Data excerpts:
----------

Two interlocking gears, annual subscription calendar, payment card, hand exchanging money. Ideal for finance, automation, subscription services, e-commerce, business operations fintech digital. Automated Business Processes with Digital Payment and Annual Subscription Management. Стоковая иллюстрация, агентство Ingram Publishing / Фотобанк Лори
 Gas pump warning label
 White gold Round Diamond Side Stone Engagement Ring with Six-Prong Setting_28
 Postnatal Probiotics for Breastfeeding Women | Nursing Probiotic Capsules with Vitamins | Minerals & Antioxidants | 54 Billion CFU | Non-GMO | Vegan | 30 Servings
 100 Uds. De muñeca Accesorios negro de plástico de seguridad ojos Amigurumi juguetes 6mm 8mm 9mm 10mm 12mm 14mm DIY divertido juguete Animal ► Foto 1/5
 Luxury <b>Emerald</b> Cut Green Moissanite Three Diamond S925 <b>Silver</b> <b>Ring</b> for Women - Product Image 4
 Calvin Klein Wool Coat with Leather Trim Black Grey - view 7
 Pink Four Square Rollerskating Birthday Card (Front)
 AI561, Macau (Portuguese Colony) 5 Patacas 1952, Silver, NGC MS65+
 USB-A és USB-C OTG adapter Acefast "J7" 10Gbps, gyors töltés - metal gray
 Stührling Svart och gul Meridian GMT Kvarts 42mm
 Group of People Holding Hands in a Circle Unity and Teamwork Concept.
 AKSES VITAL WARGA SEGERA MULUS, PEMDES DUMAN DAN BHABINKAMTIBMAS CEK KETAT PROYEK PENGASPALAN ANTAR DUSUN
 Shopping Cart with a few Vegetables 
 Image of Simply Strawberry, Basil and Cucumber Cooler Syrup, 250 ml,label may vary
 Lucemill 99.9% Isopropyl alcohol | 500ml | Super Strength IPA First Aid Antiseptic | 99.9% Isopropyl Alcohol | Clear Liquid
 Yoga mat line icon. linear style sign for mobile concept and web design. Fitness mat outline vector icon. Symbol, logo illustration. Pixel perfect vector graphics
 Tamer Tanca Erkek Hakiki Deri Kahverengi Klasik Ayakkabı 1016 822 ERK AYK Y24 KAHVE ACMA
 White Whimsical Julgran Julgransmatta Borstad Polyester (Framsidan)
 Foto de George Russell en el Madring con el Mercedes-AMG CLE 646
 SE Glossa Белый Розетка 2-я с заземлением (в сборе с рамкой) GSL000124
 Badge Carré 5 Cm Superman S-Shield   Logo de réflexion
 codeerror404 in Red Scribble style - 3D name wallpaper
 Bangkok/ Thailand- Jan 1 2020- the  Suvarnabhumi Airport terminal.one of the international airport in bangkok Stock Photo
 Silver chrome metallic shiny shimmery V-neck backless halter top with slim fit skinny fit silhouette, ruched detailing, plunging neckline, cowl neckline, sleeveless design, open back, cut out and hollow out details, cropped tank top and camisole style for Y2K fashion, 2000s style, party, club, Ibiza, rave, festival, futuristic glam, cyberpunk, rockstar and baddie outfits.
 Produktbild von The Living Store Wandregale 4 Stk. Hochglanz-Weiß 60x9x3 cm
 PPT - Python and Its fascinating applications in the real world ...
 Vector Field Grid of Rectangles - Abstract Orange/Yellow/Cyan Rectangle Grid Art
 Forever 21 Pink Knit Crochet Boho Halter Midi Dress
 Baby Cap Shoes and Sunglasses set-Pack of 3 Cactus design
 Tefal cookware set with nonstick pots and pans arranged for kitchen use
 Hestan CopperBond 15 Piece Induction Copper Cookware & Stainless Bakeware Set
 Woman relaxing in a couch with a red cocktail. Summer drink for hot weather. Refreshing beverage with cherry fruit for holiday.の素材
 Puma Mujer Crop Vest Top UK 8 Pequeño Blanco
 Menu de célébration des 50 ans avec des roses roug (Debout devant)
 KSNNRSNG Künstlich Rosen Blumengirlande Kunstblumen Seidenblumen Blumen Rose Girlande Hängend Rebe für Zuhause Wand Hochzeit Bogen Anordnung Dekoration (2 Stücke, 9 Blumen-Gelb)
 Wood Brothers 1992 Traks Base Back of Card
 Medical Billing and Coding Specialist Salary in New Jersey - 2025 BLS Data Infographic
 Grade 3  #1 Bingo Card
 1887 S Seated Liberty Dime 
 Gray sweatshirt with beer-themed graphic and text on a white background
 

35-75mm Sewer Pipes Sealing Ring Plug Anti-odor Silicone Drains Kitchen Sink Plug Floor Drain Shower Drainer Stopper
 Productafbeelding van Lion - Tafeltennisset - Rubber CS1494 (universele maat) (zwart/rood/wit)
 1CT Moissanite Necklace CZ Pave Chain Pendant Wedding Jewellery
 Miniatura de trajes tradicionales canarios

----------

WHAT IS NEEDED ▸
Each line holding "Diamond" in the records should be copied out.

EXERCISE RESPONSE ▸
 White gold Round Diamond Side Stone Engagement Ring with Six-Prong Setting_28
 Luxury <b>Emerald</b> Cut Green Moissanite Three Diamond S925 <b>Silver</b> <b>Ring</b> for Women - Product Image 4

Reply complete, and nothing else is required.